2023–24 Projects:
Sometimes you're reading Wikipedia and a sentence, or just a fragment, sticks out like a sore thumb. Maybe it's a non sequitur, maybe the grammar or style doesn't match the rest of the paragraph, or maybe it makes a dubious claim. Whatever it is, if you're a conscientious Wikipedia editor, your impulse may be to investigate it, so you can fix it. But that's easier said than done. To give you a concrete example, a while ago I was reading the article on the “Westward Expansion Trails” — the Oregon Trail and its pals — and came across this passage (all formatting original):
The Oregon Trail was the only practical way for settlers in wagons without tools, livestock, or supplies to cross the mountains. Many believe that without the trail most of the American west would today be part of Canada or Mexico. It is now know as the great Ele road. During the twenty-five years 1841–1866, 250,000 to 650,000 people "pulled-up-stakes" and headed west.

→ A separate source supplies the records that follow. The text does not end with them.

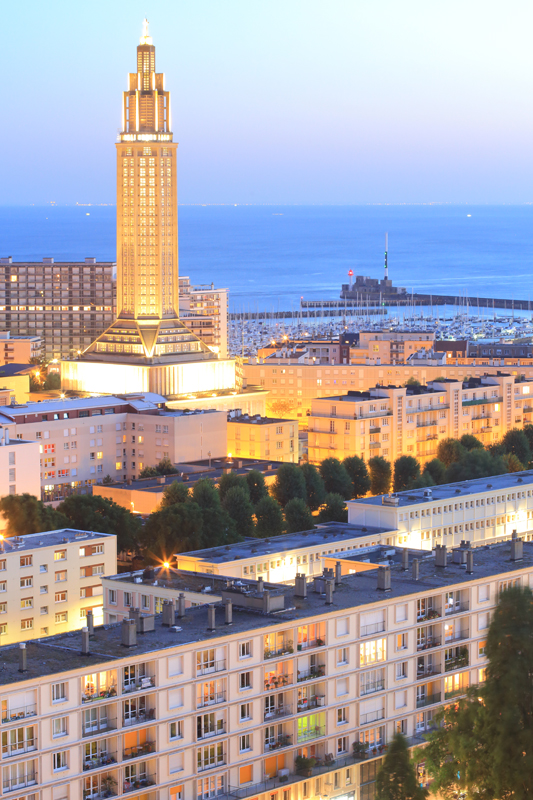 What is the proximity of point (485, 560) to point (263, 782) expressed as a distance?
726 centimetres

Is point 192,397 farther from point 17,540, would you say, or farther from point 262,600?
point 262,600

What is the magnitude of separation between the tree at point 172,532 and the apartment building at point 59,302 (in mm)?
59457

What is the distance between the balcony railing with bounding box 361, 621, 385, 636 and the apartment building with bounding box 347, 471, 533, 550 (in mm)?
14872

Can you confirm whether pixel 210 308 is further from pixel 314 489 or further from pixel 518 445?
pixel 314 489

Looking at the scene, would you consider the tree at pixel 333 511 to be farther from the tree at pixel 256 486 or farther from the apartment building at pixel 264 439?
the apartment building at pixel 264 439

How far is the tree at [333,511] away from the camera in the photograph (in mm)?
46750

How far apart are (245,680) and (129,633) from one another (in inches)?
91.7

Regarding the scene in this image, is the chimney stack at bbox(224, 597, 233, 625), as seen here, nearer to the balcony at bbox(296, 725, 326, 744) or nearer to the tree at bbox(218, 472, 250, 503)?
the balcony at bbox(296, 725, 326, 744)

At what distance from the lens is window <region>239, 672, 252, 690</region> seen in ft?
73.8

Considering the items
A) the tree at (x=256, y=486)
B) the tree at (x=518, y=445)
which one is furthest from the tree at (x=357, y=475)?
the tree at (x=518, y=445)

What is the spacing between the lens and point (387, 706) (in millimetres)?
24781

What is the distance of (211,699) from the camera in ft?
72.5

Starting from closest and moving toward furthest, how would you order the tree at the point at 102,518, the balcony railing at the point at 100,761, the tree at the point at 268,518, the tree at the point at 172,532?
1. the balcony railing at the point at 100,761
2. the tree at the point at 172,532
3. the tree at the point at 102,518
4. the tree at the point at 268,518

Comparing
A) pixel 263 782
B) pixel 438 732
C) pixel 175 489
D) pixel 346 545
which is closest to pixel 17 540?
pixel 346 545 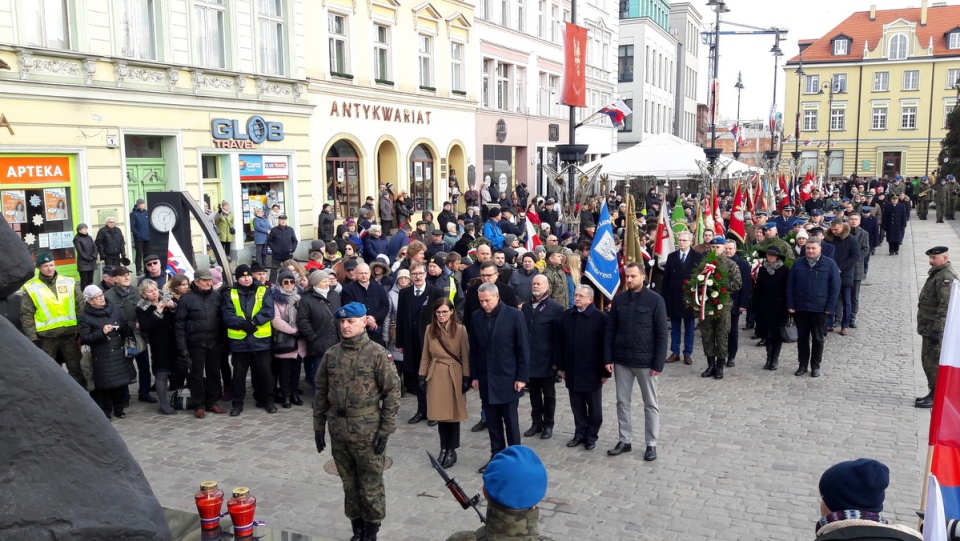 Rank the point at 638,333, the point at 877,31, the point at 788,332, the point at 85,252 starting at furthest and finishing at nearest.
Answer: the point at 877,31 < the point at 85,252 < the point at 788,332 < the point at 638,333

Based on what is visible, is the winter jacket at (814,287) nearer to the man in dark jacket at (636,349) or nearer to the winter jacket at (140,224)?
the man in dark jacket at (636,349)

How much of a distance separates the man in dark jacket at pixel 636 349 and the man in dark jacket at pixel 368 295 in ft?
10.0

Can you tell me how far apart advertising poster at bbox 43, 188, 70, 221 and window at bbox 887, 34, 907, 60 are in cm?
7903

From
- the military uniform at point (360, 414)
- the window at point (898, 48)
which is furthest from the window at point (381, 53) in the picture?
the window at point (898, 48)

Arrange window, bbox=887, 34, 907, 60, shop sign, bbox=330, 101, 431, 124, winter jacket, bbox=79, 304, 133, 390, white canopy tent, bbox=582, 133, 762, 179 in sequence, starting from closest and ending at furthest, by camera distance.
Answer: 1. winter jacket, bbox=79, 304, 133, 390
2. white canopy tent, bbox=582, 133, 762, 179
3. shop sign, bbox=330, 101, 431, 124
4. window, bbox=887, 34, 907, 60

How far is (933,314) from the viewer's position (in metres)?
8.91

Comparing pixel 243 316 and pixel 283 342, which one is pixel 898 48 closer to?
pixel 283 342

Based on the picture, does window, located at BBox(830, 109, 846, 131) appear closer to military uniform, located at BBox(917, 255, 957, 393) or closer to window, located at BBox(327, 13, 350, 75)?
window, located at BBox(327, 13, 350, 75)

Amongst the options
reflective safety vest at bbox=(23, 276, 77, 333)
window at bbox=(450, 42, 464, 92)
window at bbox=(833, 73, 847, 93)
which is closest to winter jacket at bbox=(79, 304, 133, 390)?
reflective safety vest at bbox=(23, 276, 77, 333)

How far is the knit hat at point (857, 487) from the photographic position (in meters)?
3.15

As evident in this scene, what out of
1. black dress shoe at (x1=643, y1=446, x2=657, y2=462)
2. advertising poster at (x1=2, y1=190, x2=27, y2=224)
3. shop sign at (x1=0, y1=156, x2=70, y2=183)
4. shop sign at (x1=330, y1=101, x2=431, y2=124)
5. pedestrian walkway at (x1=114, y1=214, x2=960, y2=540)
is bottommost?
pedestrian walkway at (x1=114, y1=214, x2=960, y2=540)

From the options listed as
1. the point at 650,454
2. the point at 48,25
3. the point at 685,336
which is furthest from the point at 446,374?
the point at 48,25

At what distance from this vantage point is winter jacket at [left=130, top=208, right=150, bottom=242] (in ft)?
55.7

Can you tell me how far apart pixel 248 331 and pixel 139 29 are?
11.9m
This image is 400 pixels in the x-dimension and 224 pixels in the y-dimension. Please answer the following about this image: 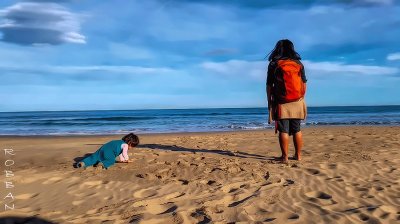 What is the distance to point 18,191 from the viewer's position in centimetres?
439

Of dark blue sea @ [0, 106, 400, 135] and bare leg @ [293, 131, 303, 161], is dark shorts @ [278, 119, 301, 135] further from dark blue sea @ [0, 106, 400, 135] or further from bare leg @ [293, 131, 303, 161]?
dark blue sea @ [0, 106, 400, 135]

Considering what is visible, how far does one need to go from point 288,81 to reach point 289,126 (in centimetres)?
74

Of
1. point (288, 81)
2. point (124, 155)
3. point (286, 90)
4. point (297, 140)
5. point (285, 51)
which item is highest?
point (285, 51)

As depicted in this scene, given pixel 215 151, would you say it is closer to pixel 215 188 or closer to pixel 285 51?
pixel 285 51

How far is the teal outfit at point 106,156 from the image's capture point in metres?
5.60

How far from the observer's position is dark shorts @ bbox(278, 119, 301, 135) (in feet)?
18.5

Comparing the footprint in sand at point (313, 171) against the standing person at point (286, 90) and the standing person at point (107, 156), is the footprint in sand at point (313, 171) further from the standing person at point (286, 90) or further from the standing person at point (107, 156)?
the standing person at point (107, 156)

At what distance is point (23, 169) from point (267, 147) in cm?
470

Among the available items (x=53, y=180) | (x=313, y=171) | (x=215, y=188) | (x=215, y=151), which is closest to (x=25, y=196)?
(x=53, y=180)

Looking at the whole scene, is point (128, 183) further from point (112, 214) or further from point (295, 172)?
point (295, 172)

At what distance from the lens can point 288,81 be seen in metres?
5.54

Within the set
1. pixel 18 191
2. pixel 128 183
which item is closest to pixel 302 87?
pixel 128 183

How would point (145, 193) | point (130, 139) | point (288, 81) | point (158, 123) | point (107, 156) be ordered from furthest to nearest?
point (158, 123)
point (130, 139)
point (107, 156)
point (288, 81)
point (145, 193)

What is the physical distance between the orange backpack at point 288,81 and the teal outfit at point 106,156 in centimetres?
269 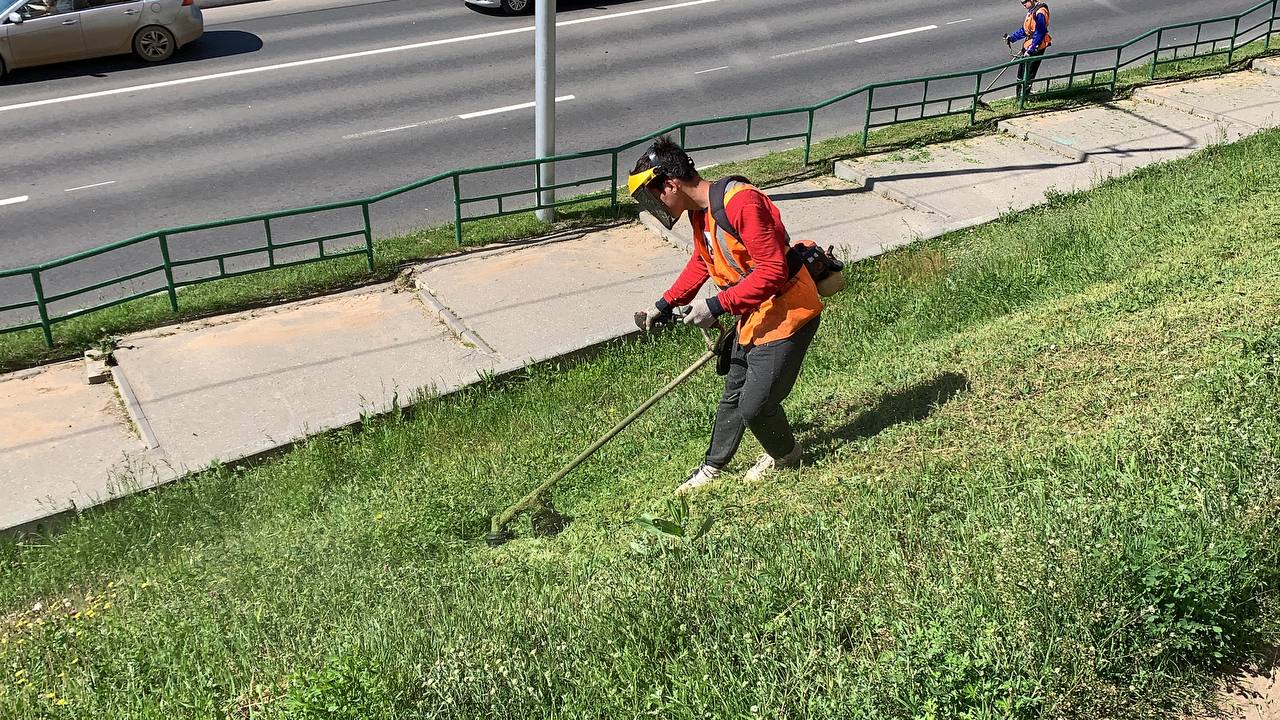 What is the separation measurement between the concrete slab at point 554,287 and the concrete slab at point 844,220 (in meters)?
0.60

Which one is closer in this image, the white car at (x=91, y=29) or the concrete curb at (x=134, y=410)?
the concrete curb at (x=134, y=410)

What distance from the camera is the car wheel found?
1700 centimetres

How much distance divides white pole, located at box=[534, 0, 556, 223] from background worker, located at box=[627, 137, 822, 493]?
6109 mm

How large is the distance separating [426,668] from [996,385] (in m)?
3.80

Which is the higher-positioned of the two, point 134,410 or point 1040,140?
point 1040,140

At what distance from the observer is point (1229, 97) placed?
49.9 feet

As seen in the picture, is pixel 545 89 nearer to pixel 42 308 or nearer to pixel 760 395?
pixel 42 308

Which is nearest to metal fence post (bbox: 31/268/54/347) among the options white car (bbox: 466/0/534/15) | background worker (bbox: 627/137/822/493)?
background worker (bbox: 627/137/822/493)

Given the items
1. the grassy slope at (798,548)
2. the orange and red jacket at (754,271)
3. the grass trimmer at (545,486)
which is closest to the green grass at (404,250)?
the grassy slope at (798,548)

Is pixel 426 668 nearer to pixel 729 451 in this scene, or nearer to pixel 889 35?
pixel 729 451

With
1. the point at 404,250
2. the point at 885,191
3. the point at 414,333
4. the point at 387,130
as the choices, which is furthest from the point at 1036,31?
the point at 414,333

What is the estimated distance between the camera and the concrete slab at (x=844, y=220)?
10.9m

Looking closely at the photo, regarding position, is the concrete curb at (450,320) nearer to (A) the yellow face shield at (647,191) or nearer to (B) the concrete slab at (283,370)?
(B) the concrete slab at (283,370)

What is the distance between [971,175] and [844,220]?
2.02 m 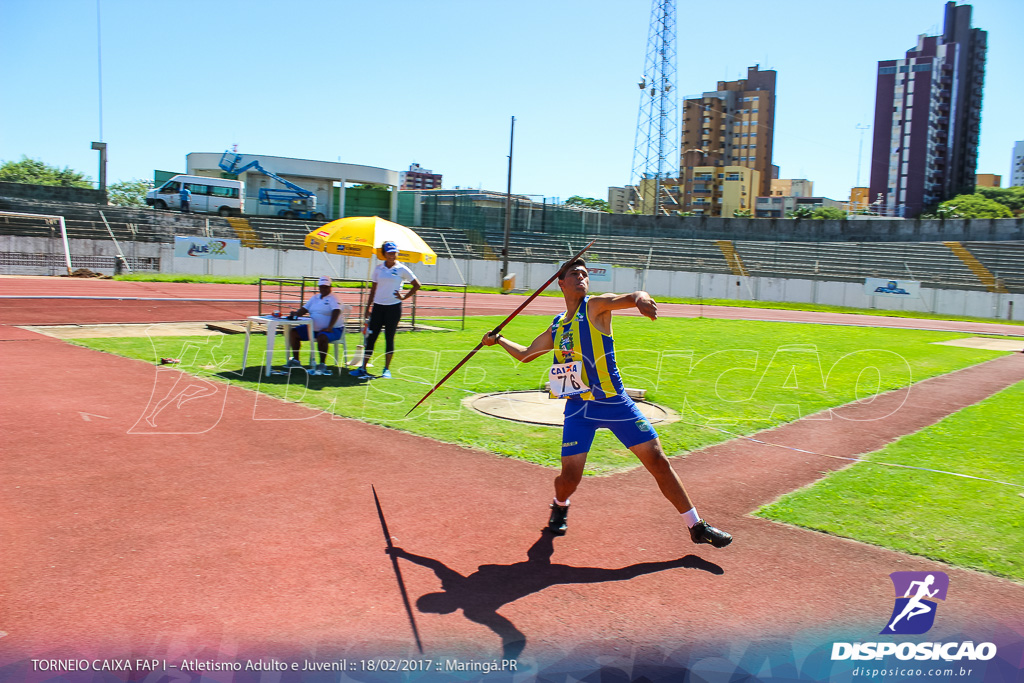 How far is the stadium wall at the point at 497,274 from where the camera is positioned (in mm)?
35062

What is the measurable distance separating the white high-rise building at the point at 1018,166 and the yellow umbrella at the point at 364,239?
8023 inches

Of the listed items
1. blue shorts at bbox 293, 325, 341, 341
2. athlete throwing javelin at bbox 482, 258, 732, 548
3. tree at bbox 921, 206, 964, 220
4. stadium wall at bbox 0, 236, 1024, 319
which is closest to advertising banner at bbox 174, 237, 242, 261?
stadium wall at bbox 0, 236, 1024, 319

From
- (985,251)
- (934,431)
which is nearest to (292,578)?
(934,431)

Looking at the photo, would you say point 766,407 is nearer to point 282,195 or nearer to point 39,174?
point 282,195

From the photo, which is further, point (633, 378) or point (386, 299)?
point (633, 378)

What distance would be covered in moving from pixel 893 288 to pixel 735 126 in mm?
101995

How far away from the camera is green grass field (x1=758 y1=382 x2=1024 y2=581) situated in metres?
4.87

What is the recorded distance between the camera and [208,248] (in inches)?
1523

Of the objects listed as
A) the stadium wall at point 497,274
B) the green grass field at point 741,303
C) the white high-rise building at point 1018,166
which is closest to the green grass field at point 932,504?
the green grass field at point 741,303

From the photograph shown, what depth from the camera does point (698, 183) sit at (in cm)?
12812

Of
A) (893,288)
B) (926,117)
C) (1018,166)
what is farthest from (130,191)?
(1018,166)

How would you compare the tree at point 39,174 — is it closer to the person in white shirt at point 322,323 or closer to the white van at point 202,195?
the white van at point 202,195

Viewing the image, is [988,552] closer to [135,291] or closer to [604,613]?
[604,613]

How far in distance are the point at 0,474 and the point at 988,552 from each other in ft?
22.9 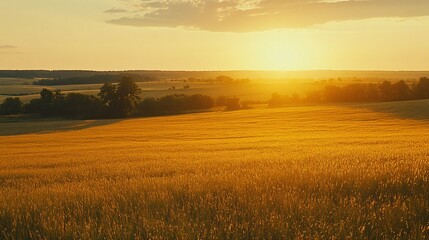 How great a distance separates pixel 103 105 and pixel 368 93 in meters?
51.5

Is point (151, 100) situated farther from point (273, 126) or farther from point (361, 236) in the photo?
point (361, 236)

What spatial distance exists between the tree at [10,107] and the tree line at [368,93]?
166 ft

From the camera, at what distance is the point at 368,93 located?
89812 mm

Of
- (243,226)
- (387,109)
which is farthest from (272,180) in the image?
(387,109)

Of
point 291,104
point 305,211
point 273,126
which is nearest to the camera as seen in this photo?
point 305,211

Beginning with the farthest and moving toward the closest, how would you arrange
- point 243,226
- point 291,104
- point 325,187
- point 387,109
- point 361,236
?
point 291,104 < point 387,109 < point 325,187 < point 243,226 < point 361,236

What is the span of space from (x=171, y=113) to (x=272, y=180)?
82.8 m

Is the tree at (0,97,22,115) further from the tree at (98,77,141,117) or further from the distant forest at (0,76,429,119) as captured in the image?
the tree at (98,77,141,117)

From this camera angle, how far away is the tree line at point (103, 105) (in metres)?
84.5

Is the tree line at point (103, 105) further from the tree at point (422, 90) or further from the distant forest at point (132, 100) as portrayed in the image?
the tree at point (422, 90)

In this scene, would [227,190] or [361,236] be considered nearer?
[361,236]

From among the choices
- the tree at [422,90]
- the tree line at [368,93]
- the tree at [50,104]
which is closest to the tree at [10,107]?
the tree at [50,104]

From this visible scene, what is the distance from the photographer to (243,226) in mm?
5262

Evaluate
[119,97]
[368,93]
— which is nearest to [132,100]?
[119,97] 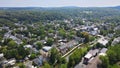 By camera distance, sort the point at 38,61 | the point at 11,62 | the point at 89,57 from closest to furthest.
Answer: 1. the point at 38,61
2. the point at 89,57
3. the point at 11,62

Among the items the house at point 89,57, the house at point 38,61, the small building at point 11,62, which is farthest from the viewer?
the small building at point 11,62

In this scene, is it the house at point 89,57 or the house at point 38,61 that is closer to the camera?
the house at point 89,57

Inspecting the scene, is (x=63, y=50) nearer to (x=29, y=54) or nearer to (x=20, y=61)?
(x=29, y=54)

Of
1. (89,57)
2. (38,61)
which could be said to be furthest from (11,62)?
(89,57)

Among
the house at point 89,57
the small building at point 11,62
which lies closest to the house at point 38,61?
the small building at point 11,62

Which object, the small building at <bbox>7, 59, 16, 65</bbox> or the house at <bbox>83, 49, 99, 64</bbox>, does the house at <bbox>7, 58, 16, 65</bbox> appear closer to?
the small building at <bbox>7, 59, 16, 65</bbox>

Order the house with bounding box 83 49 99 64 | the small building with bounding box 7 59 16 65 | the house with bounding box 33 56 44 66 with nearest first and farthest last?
the house with bounding box 83 49 99 64 → the house with bounding box 33 56 44 66 → the small building with bounding box 7 59 16 65

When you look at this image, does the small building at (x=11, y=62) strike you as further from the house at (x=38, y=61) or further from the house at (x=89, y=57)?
the house at (x=89, y=57)

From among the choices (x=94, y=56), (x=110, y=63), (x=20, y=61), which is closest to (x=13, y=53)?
(x=20, y=61)

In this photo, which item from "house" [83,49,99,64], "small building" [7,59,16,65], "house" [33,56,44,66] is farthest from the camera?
"small building" [7,59,16,65]

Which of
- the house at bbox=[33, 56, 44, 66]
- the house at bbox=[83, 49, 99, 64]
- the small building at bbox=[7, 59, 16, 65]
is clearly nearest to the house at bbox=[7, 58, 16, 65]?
the small building at bbox=[7, 59, 16, 65]

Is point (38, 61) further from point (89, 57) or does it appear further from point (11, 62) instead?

Now, the whole article needed work, but there was something really fishy about that bolded sentence about “the great Ele road”. Again, the bolding was in the original article. I set about investigating when this text was added to the article, what other changes were made in the same edit, who made the edit, and what else they'd done on Wikipedia. Was this editor trustworthy? Did they just make a mistake by putting the whole sentence in bold and using the wrong verb tense, but otherwise knew what they were talking about? Or were they some random vandal?
In order to answer my questions, I had to manually apply the bisection method to the article history, looking at page after page of previous versions, until I finally found the one edit where this sentence was inserted. Turns out the editor had never written anything else on Wikipedia, so I took the sentence out of the article and copied it to an archive page, with an explanation of why I thought it was vandalism.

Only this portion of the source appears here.